Web page caption snippets

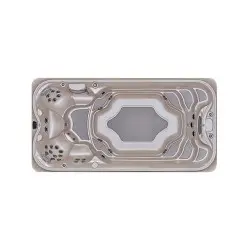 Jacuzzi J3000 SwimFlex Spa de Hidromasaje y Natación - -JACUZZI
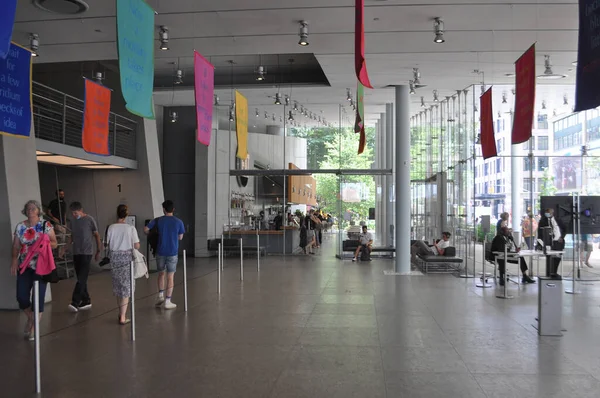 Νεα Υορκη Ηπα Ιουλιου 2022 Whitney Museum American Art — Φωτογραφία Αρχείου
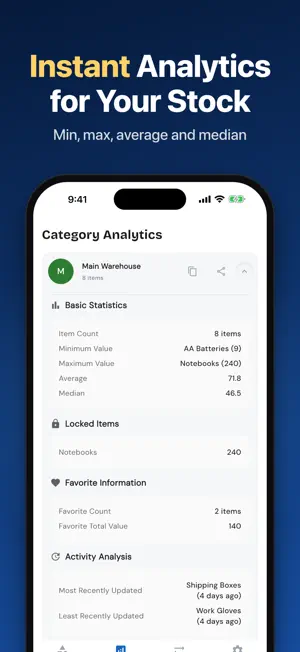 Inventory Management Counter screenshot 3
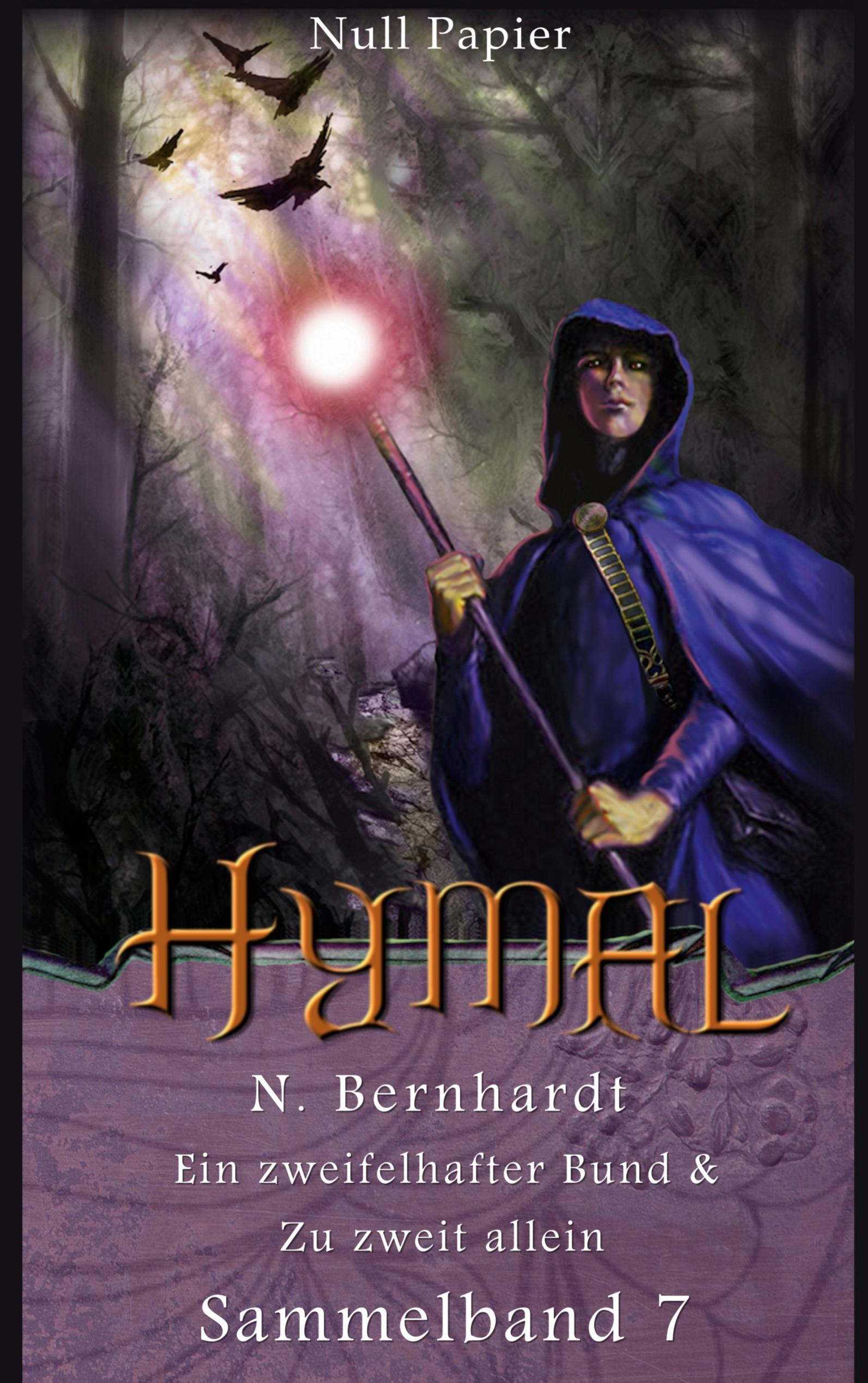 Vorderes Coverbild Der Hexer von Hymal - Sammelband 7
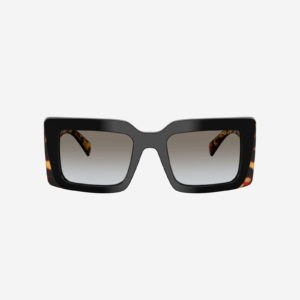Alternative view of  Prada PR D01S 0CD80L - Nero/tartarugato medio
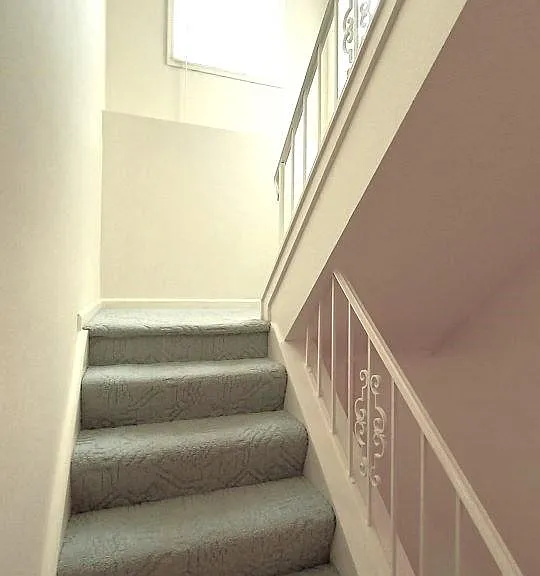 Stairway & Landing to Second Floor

EXERCISE DESCRIPTION
An exact copy is needed of the lines running from the one with "Vorderes Coverbild Der" through the end of the data above, and of those lines only, without pictures.

EXERCISE RESULT
 Vorderes Coverbild Der Hexer von Hymal - Sammelband 7
Alternative view of  Prada PR D01S 0CD80L - Nero/tartarugato medio
 Stairway & Landing to Second Floor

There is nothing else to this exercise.